The following ingredients have 4 Servings
  • 1/2 tbsp olive oil
  • 1/2 tbsp butter (for dairy-free use another 1/2 tbsp of oil)
  • 1 lb chicken, chopped into bite-sized pieces
  • 1 cup diced bell pepper (*any color)
  • 1 cup diced onion
  • 1/2 cup diced carrots
  • 2 tsp ground turmeric
  • 1/2 tsp ground ginger
  • 2 cloves garlic, minced
  • 4 cups broth
  • 3/4 cup wild rice
  • 1 cup coconut milk, unsweetened (*I recommend full fat)
  • 1/4 cup freshly chopped basil

Instruction

  • In a large pot over medium heat melt together the oil and butter. Add the chicken pieces, sprinkle with salt and pepper, and saute until they are cooked throughout, stirring frequently. About 8-10 minutes.
  • Remove the chicken and transfer to a plate.
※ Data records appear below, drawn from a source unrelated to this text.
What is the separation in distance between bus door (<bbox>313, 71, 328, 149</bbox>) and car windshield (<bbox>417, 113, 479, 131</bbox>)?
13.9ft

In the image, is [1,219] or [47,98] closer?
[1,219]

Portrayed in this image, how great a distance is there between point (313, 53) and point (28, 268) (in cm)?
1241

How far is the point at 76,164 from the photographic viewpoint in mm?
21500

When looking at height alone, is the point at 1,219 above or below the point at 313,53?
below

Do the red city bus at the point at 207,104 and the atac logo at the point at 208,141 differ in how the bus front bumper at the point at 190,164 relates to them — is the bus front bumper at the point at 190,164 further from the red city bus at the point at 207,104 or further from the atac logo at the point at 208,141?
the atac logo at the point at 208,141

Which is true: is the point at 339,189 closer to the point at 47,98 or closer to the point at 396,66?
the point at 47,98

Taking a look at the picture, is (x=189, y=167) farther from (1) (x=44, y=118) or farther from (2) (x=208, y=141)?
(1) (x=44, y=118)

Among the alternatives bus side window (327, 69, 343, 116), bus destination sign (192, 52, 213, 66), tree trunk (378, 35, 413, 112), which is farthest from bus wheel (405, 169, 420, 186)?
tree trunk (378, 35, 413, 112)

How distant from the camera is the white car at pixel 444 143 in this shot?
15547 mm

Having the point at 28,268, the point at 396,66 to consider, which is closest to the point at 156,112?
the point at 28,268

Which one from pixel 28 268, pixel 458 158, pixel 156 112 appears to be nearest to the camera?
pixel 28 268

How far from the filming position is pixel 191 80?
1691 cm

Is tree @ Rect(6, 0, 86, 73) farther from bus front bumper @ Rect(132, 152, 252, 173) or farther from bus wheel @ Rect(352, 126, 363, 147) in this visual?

Add the diced peppers, onions, and carrots and sprinkle again with salt and pepper. Stir well and saute until softened, about 5-7 minutes. Add the minced garlic and stir for another minute.
  • Sprinkle in the turmeric and ginger and stir. Add the chicken back in along with the uncooked rice and stir. Pour in the broth, stir well and bring to a boil. Reduce heat to medium low, cover, and simmer for 20-30 minutes - check the doneness of the rice at 20 minutes and keep simmering until it's cooked to your liking.
  • Once the rice is cooked stir in the coconut milk and fresh basil and let simmer for 3-5 more minutes.
  • Serve warm. This soup will keep covered in the fridge for up to 3 days.